TASK DIRECTIONS: Using the records below, copy exactly the part that opens with the line holding "Tina Bed Frame - Queen by BroDeals" and closes with the line holding "Drawing, ca.1877-1896", minus the pictures.

*** RECORDS SHOWN ***

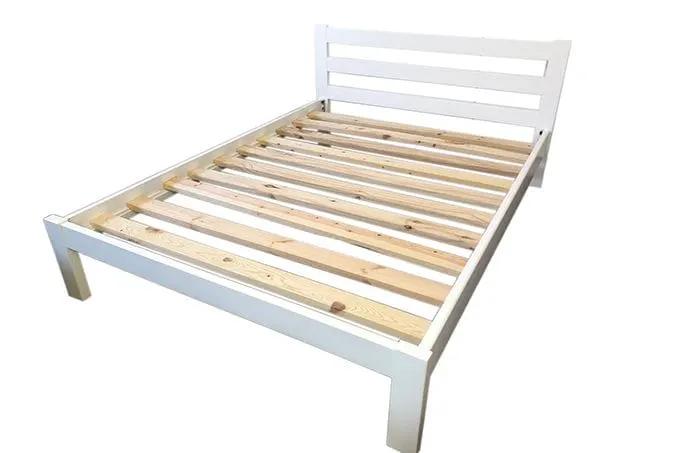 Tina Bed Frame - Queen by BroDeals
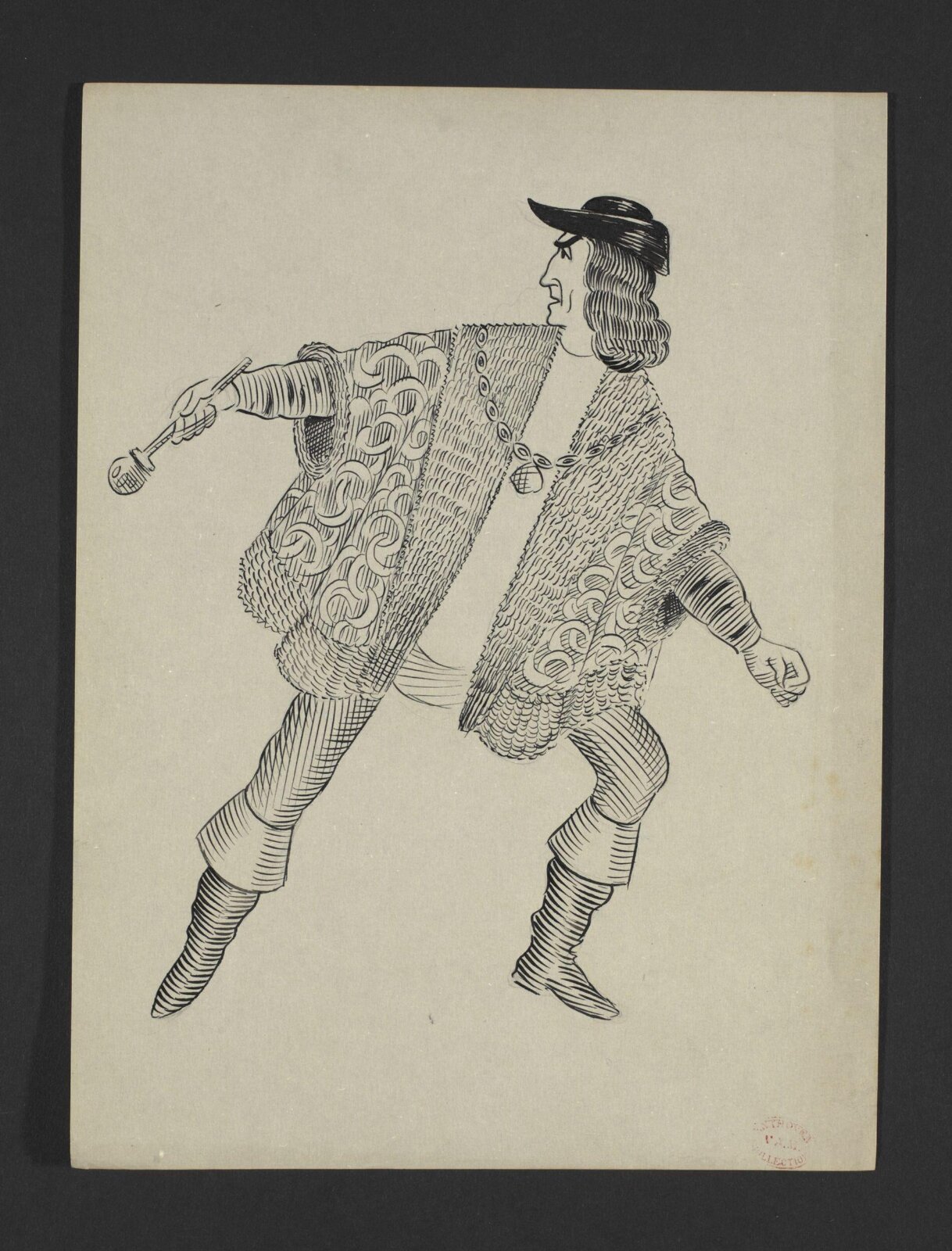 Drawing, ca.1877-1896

*** End of RECORDS SHOWN ***
*** RECORDS SHOWN ***

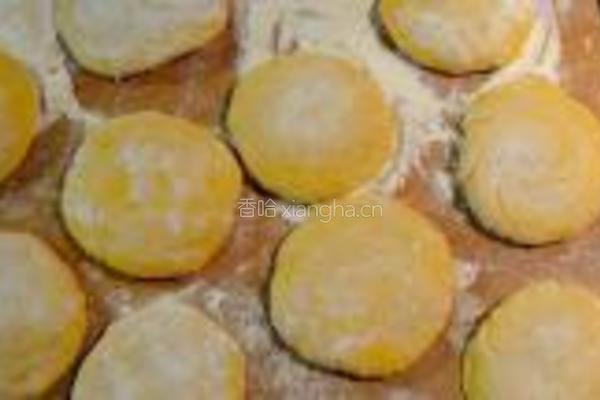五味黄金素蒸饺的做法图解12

*** End of RECORDS SHOWN ***
*** RECORDS SHOWN ***

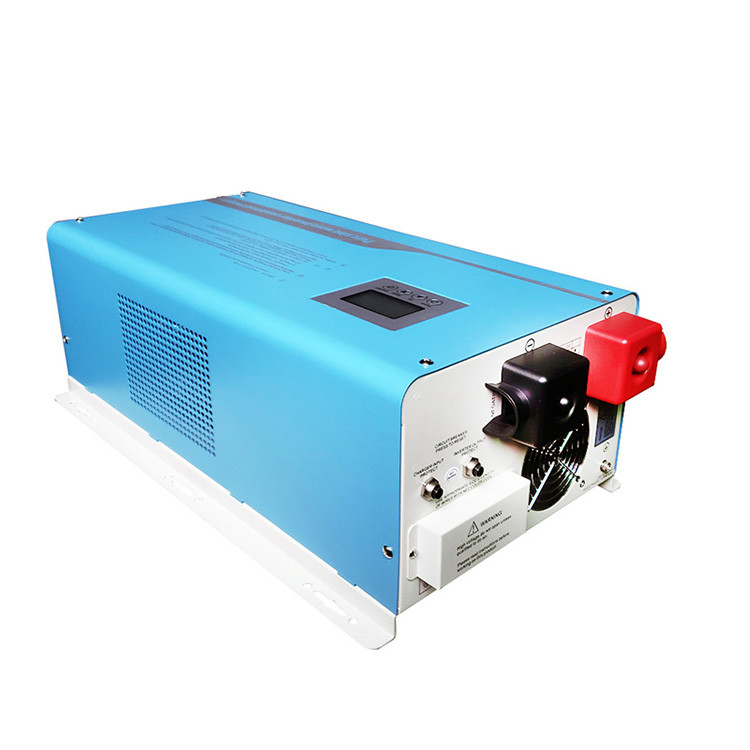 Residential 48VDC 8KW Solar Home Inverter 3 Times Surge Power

*** End of RECORDS SHOWN ***

EXERCISE OUTPUT:
 Tina Bed Frame - Queen by BroDeals
 Drawing, ca.1877-1896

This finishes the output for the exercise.